# Is one coat of stain enough?



## chrisn (Dec 23, 2007)

hayzen said:


> Hi all,
> 
> I'm staining some wood quarter rounds and I was told to stain it once, let it dry after a few hours, stain again, wait again, and then one coat of varnish.
> 
> ...


If you like the first coat, go ahead and apply the varnish, no need for a second coat of stain.


----------



## NCpaint1 (Aug 13, 2009)

Yep agreed


----------



## hayzen (Jul 28, 2009)

Thanks, I'll do that. 

Also, I bought some flexible quarter round that is supposedly stainable. I stained it with one coat and it's still not completely dry yet even after one day's time. Am I suppose to buy a specific type of stain for flexible trim?

Even if the stain isn't completely dry, can I apply the varnish anyway?


----------



## chrisn (Dec 23, 2007)

Even if the stain isn't completely dry, can I apply the varnish anyway? 

I would not,:no:don't know why it would not dry, is it real wood? Maybe take a hair dryer to it.


----------



## hayzen (Jul 28, 2009)

chrisn said:


> I would not,:no:don't know why it would not dry, is it real wood? Maybe take a hair dryer to it.
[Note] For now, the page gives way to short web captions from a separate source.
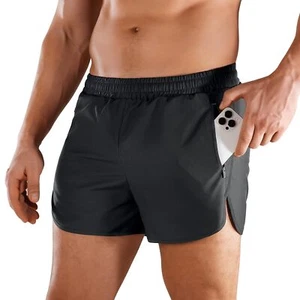 Men’s Running Shorts 3" Workout Athletic Shorts with Zipper Pockets Lightweig... - Picture 1 of 7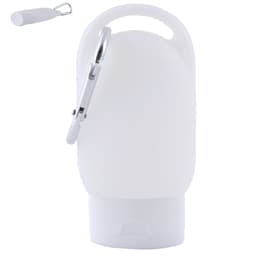A white Breezy Gel Hand Sanitiser bottle with a clip for easy attachment.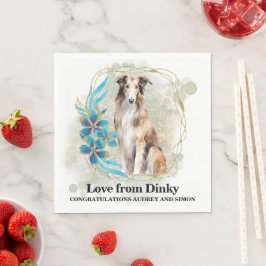 Borzoi hund bröllops servetter med hund foto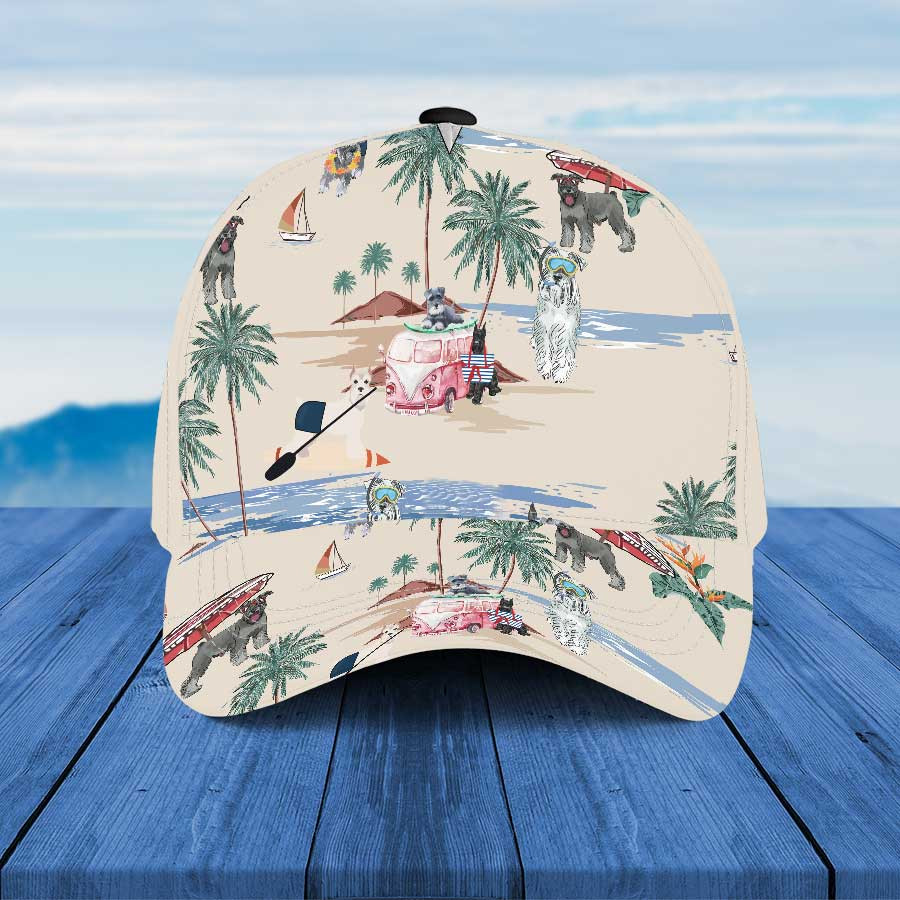 Miniature Schnauzer Summer Beach Hawaiian Hats, Miniature Schnauzer Beach Cap for Men & Women Trucker Hats Custom Hats Gifts For Men & Women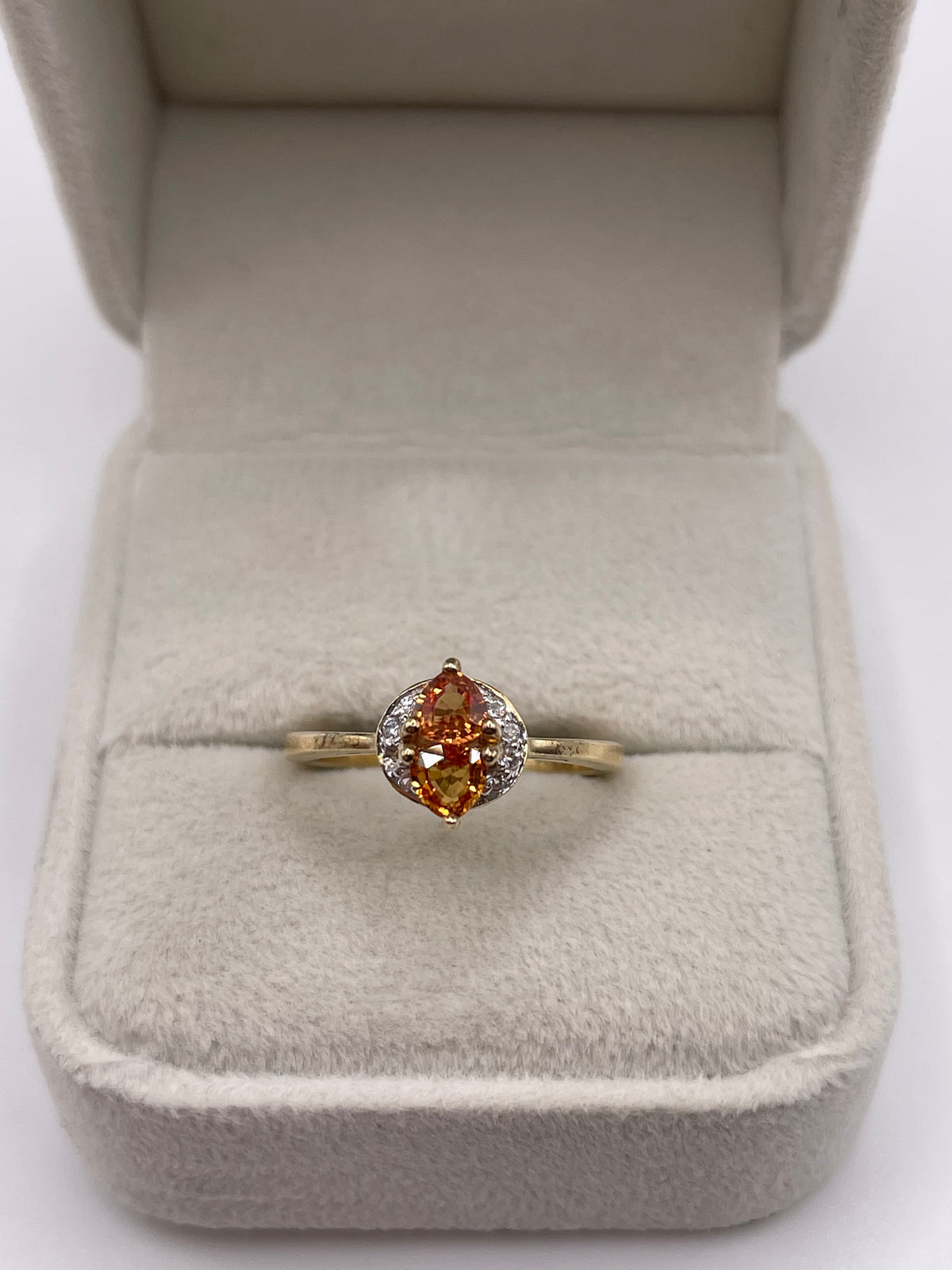 9ct gold orange sapphire and diamond ring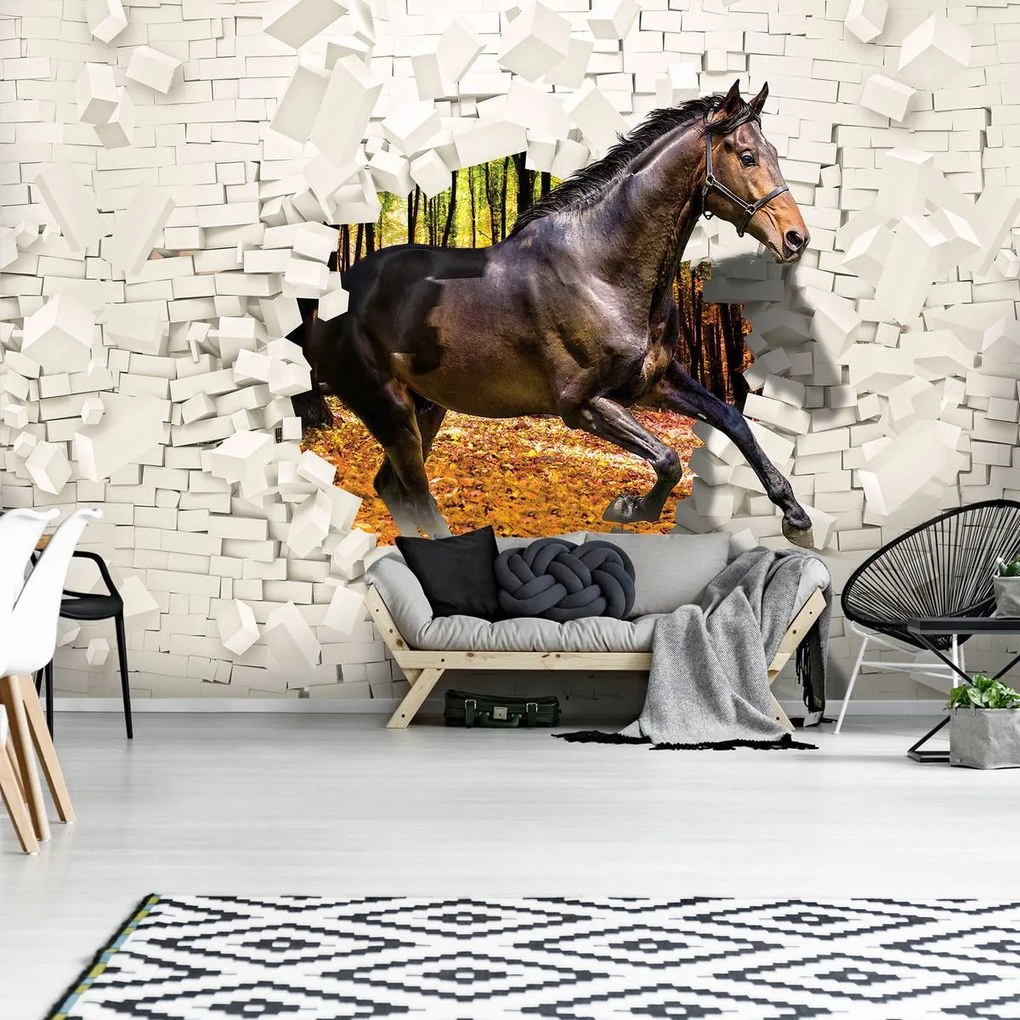 Fototapet - Calul a sărit din perete 3D (152,5x104 cm), în 8 de alte dimensiuni noi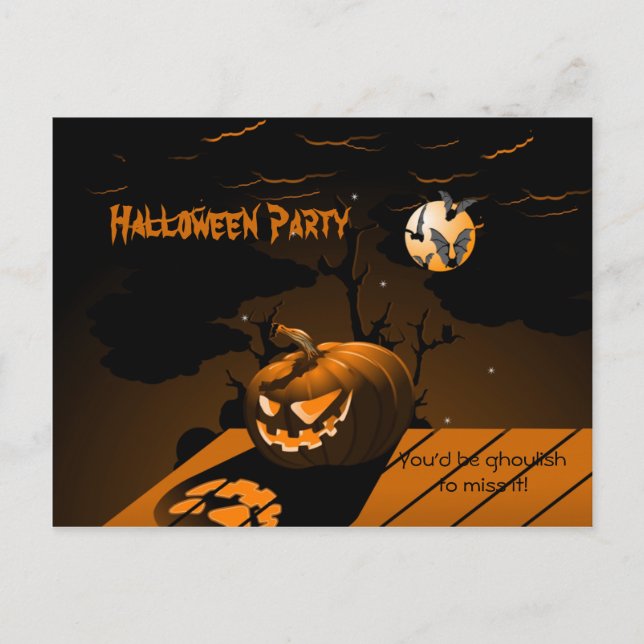 Evil Pumpkin Scary Bats Halloween Invitation Postcard (Front)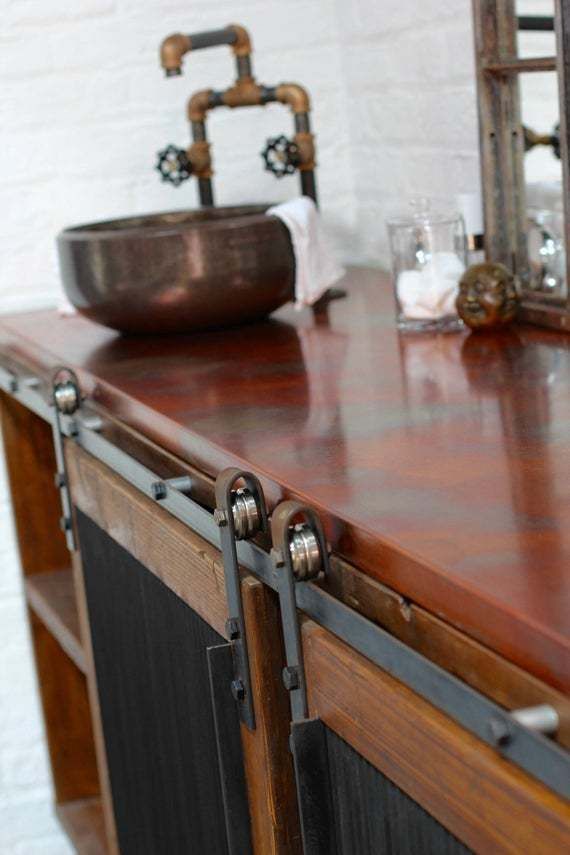 Kristen Patinated Copper Topped Reclaimed Scaffolding Board And Sliding Steel Inlaid Doors Bathroom Unit With Industrial Sink And Mixer Tap photo vintage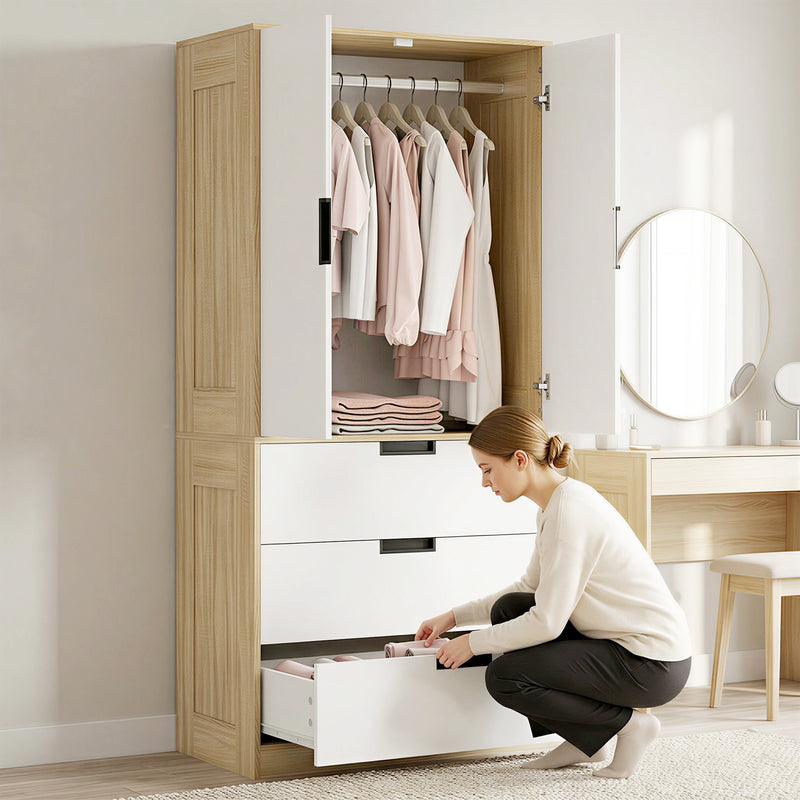 Double Wardrobe with Drawers for Small Bedrooms Slim Storage Oak and White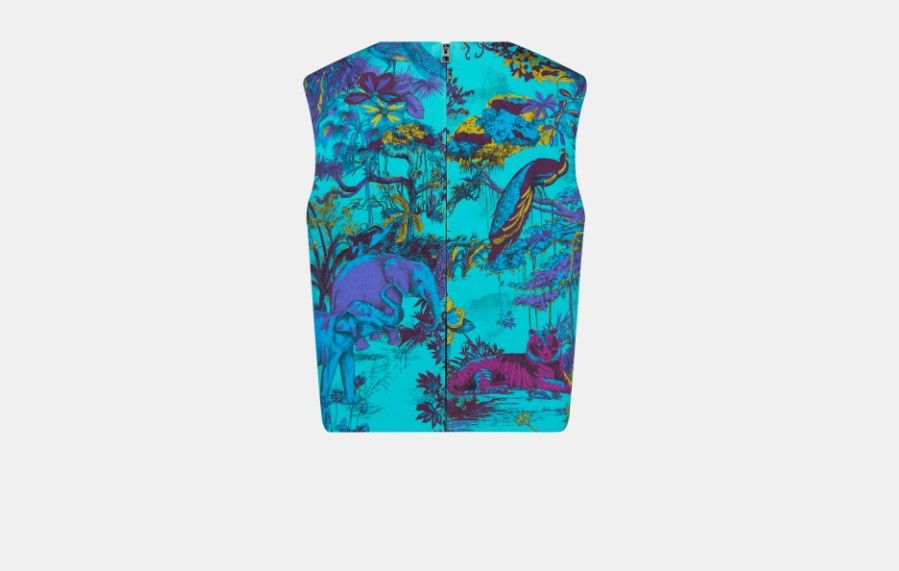 Dior o1w1db10824 Wool & Silk Sleeveless Top in Multicolor Size L / US 10 / IT 46 - 2 Thumbnail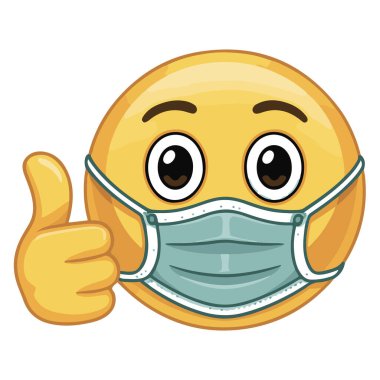 Tıbbi maske takan ve onay veren neşeli bir emoji. Koronavirüs salgını sırasında güvenliği ve pozitifliği simgeliyor. Beyaz arkaplanda izole.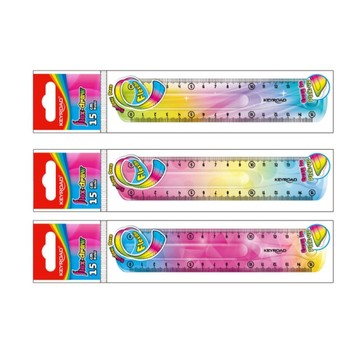 LINIJKA 15CM ELASTYCZNA TĘCZOWA ZAWIESZKA 0385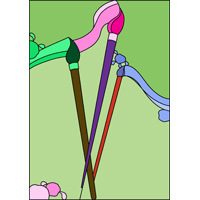 three colour paintbrushes stained glass design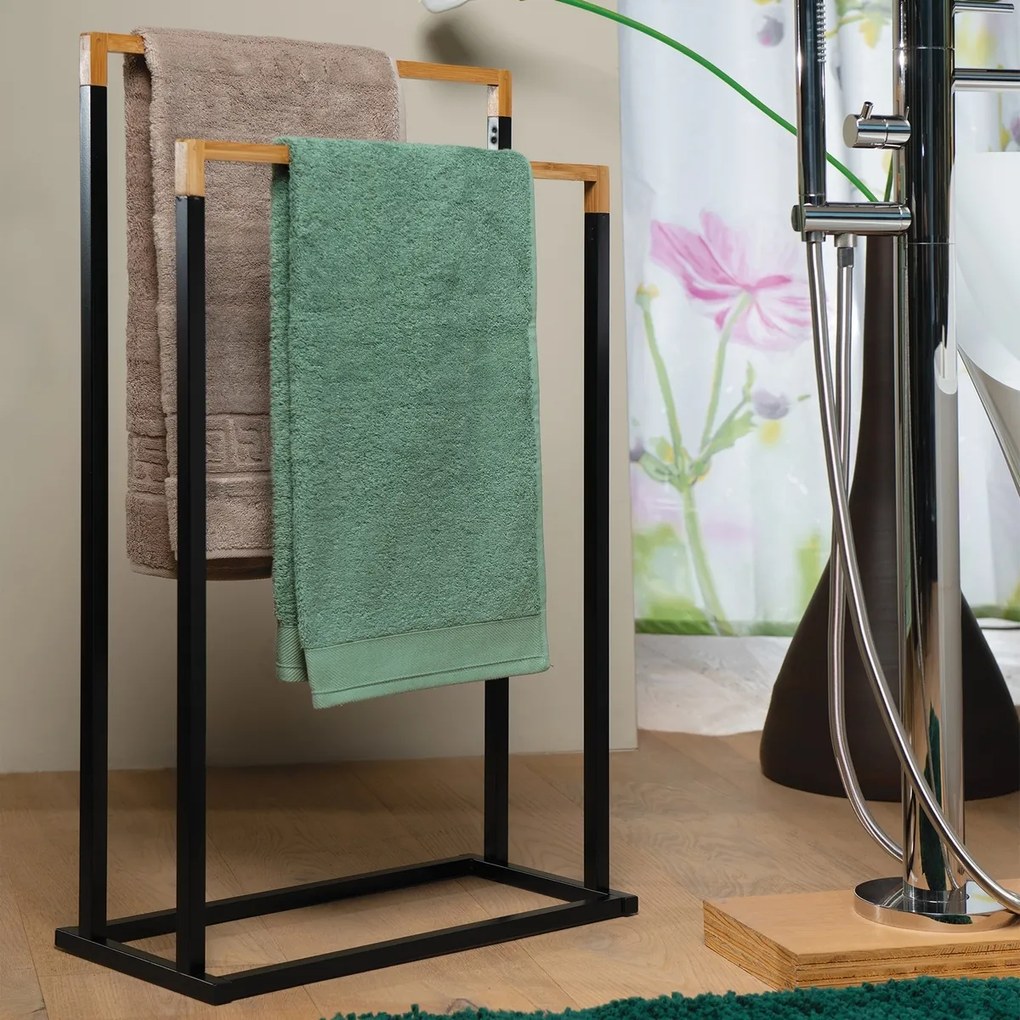 Suport pentru 2 prosoape Spirella Chic 45 x 22 x85 cm, negru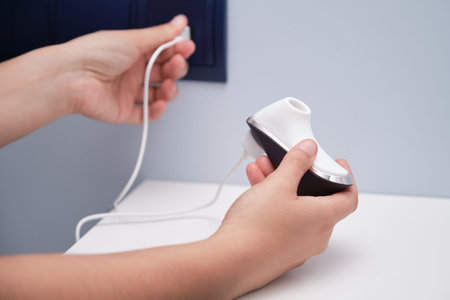 Womans hand plugging in her air pulse stimulator vibrator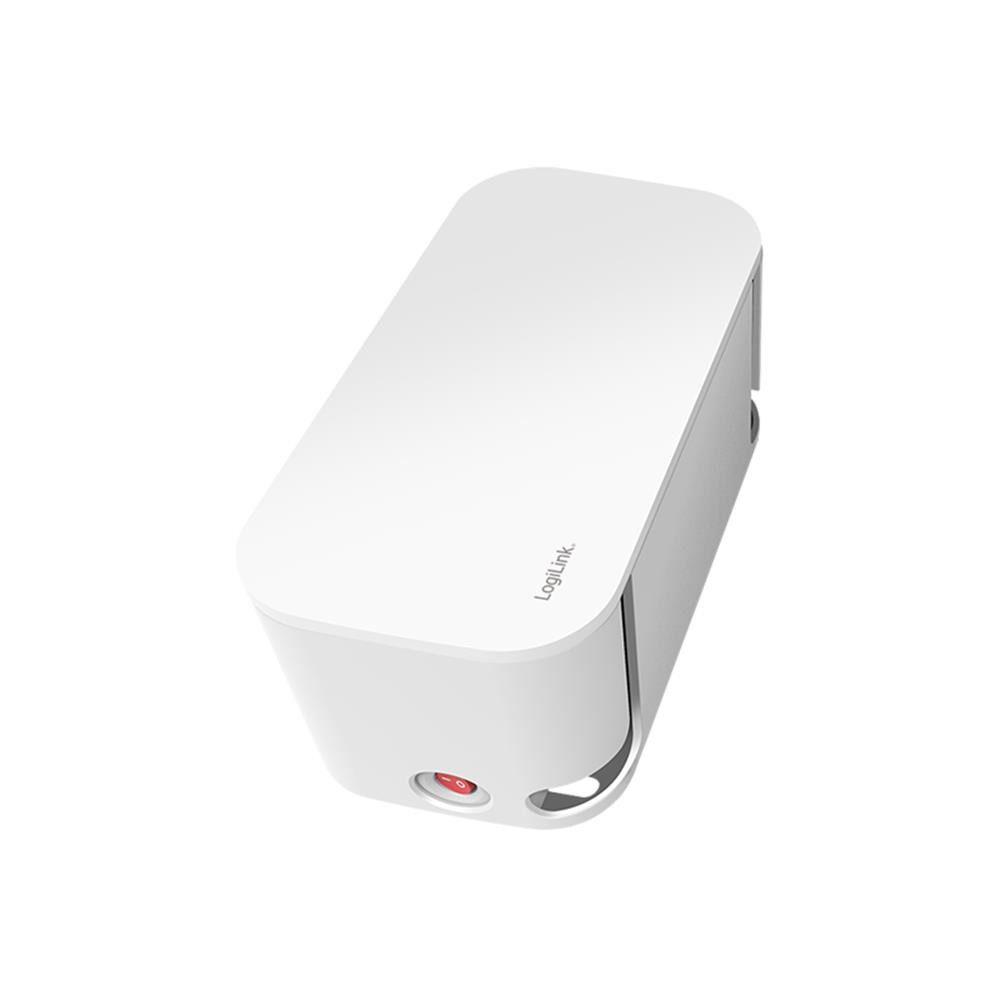 LogiLink Kabelbox LPS281U mit 5-fach-Steckdosenleiste, 3x USB, 285 x 145 x 13 mm, Kabelmanagement Box, Mehrfachsteckdose USB, 3600 W, Alltag, Weiß – Bild 4 von 5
The flexible quarter round is made of some rubber material.


----------



## chrisn (Dec 23, 2007)

Does it say it can be stained?


----------



## NCpaint1 (Aug 13, 2009)

NO HAIR DRYER!! Use a fan. Heat will pull the stain and cause bubbles. On vinyl molding like you have, there really isnt any penetration to speak of, it just sits on the surface, longer dry time is normal. Is the color matching? You could try a GEL stain if it needs to be darker.


----------



## hayzen (Jul 28, 2009)

Thanks for the warning. After a couple of days, it finally dried and the colour matches well. Thanks for all the help.


----------